Skeptics about some of the most alarmist climate-change scenarios drawn by former Vice President Al Gore and other Democratic and left-wing politicians bristle at the word “denier,” claiming it implies parallels to people who claim the Holocaust or the Sept. 11 terror attacks didn’t happen.
They point out that while everyone understands that burning fossil fuels puts carbon dioxide in the air and that carbon dioxide in the atmosphere traps heat, there is a wide range of scientific opinion on such matters as how much man’s activities affect those gas levels, the likelihood of various possible consequences, the effect of other factors on the climate or the possible consequences such as ice or sea levels, and the quality and extent of past historical data on climate.
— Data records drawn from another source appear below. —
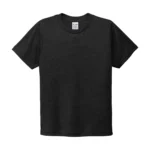 Space Black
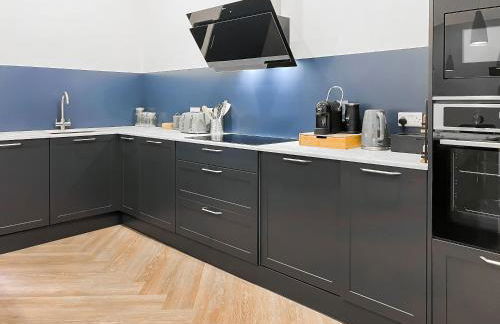 Emerald - Ukc7696 - Foto 10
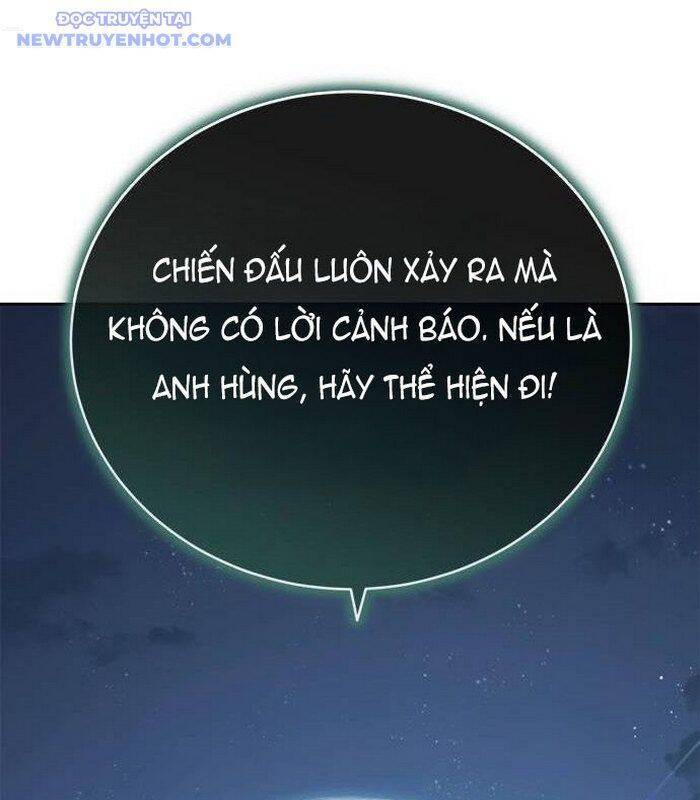 Lý Do Tôi Rời Bỏ Quỷ Vương: Chapter 57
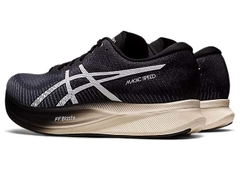 Giày chạy bộ nam ASICS MAGIC SPEED 2 - 1011B443.020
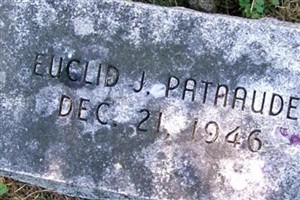 Euclid J Patnaude (2160323.jpg)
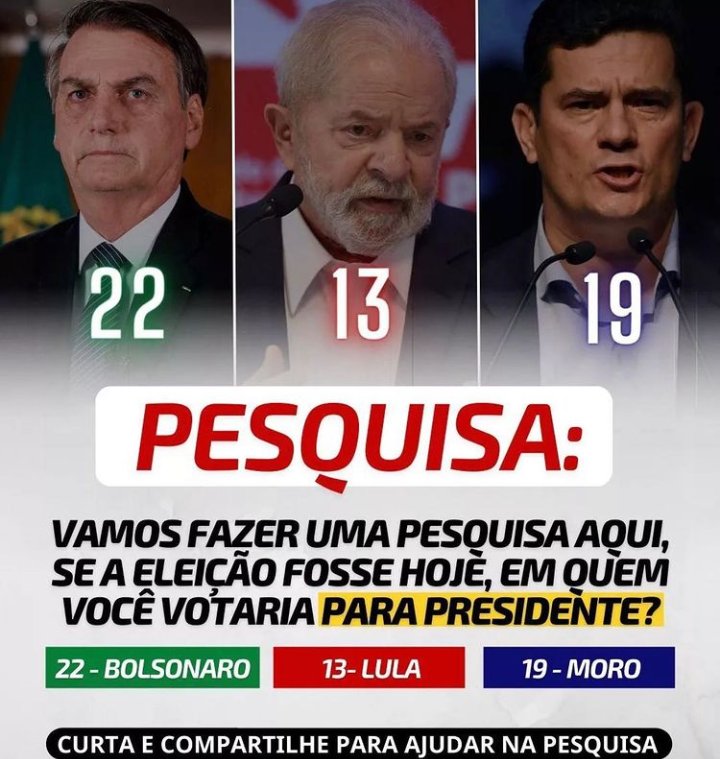 Carìna Belomé tweet media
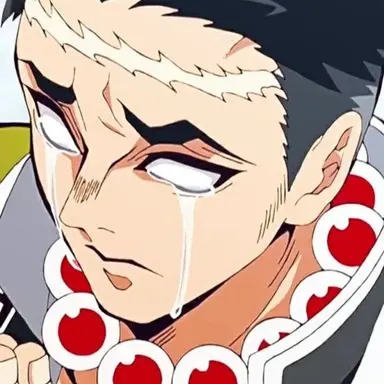 Profile image of 히메지마 교메이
Mr. Todd prefaced his Sunday statement with video clips of dramatic weather incidents in the last year, though climatologists emphasize the difference between “weather” and “climate” — a distinction Mr. Todd himself made last month versus a conservative skeptic. Scientists also are usually loath to ascribe any specific weather event to man-made climate change.
Mr. Todd’s panel Sunday had non-scientists offering their opinions, including California Gov. Jerry Brown, Rep. Carlos Curbelo and potential Democratic presidential contender Michael Bloomberg.
“We need to stop covering the debate and start covering the story so that people see that this is real, and so that politicians take a more pragmatic approach and find solutions that are actually achievable,” Mr. Curbelo said about the one-sided discussion.
Other politicians applauded the well-parametered show, with Sen. Bernie Sanders took to Twitter to offer “congratulations to Chuck Todd and Meet the Press for holding a serious discussion about climate change.”
“Will this be a breakthrough moment for mainstream TV?” the Vermont socialist asked.